Quem diz o que é justo, o que pode ser feito ou o que não pode ser feito, é sempre a lei, expressão da vontade geral, como está no art. 6º da Declaração de 1789. Para isto é que existe um Poder Legislativo, distinto do Executivo e mesmo do Judiciário
ARBÍTRIO E DISCRIÇÃO – Resulta disto a elementar diferença entre arbítrio e discrição, entre o abuso e ação legal, mesmo no campo da discricionariedade. Esta tem de escorar estritamente na lei e no sistema jurídico.
Ora, a proscrição do abuso, do arbítrio é a razão de ser da Constituição, como da lei. Desrespeitar a lei, ir além do que esta dispõe, é eminentemente uma ofensa à Constituição – uma flagrante inconstitucionalidade.
A Constituição brasileira, por exemplo, para enfatizar a imprescindibilidade de lei, veda expressamente que “medidas provisórias” – essa teratologia nacional – disponham sobre direito penal e direito processual penal, entre outras matérias (art. 62, § 1º, “b”, com a redação da Emenda Constitucional nº 32/2001.) Mostra isto à saciedade que apenas a lei formal pode tratar de crimes e sua punição.
SITUAÇÕES EMERGENCIAIS – Por outro lado, no direito brasileiro, na Constituição em vigor, há uma minuciosa disciplina até para situações emergenciais.

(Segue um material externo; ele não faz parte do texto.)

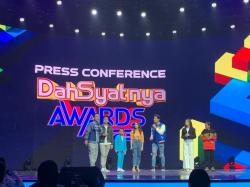 Dahsyatnya Awards 2023 Apresiasi Terdahsyat Bagi Para Insan Hiburan Tanah Air
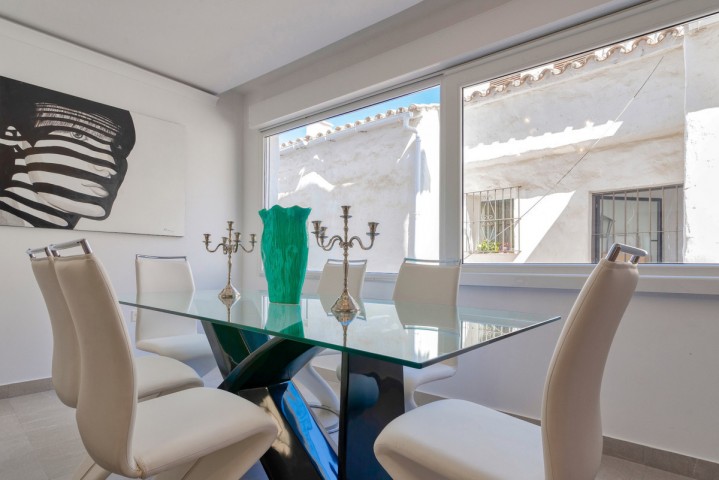 3 Schlafzimmer Apartment in Puerto Banús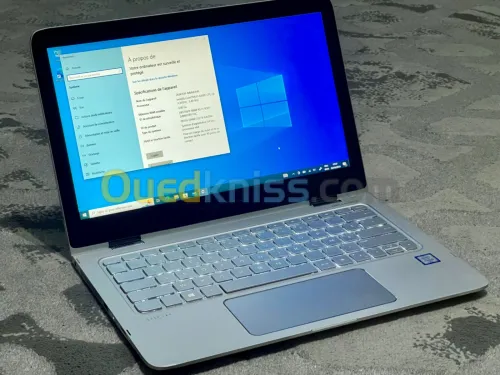Hp spectre x360 tactile i5-6 8gb ram 256 ssd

Há a intervenção nos entes federativos (art. 34 e seguintes), o estado de defesa para perturbações da ordem e calamidades públicos (art. 136), o estado de sítio, para perturbações graves (art. 137), previstos na Constituição, o art. 142 a prever o emprego das Forças Armadas em defesa da “lei e da ordem”, afora um sem número de leis ordinárias proibindo atos contra a segurança e os direitos de cada cidadão e regulando as medidas processuais que contra elas podem ser impostas.
O mesmo se diga em relação a autoridades públicas que não podem ser afastadas do cargo que exercem sem que se observem as formalidades constitucionais e legais.
Incluídas nesse campo, com mais razão, as autoridades estaduais e municipais, como forma de assegurar aos entes federativos a autonomia conferida pela Constituição.
ARBITRARIEDADES – Por que então desprezar o império da lei, preferindo-lhe o arbitrário? Não é preciso recorrer ao este para a defesa da segurança e dos direitos fundamentais eventualmente ameaçados.
Há na Constituição e na legislação brasileira – reitere-se – meios legais para tanto, inclusive para punir os infratores, mesmo os que infringem a Lei das Leis.
Ir além das leis, mesmo que com o melhor dos propósitos, é vedado no Estado Democrático de Direito que está presente no primeiro artigo da Constituição vigente. É infringi-lo, portanto.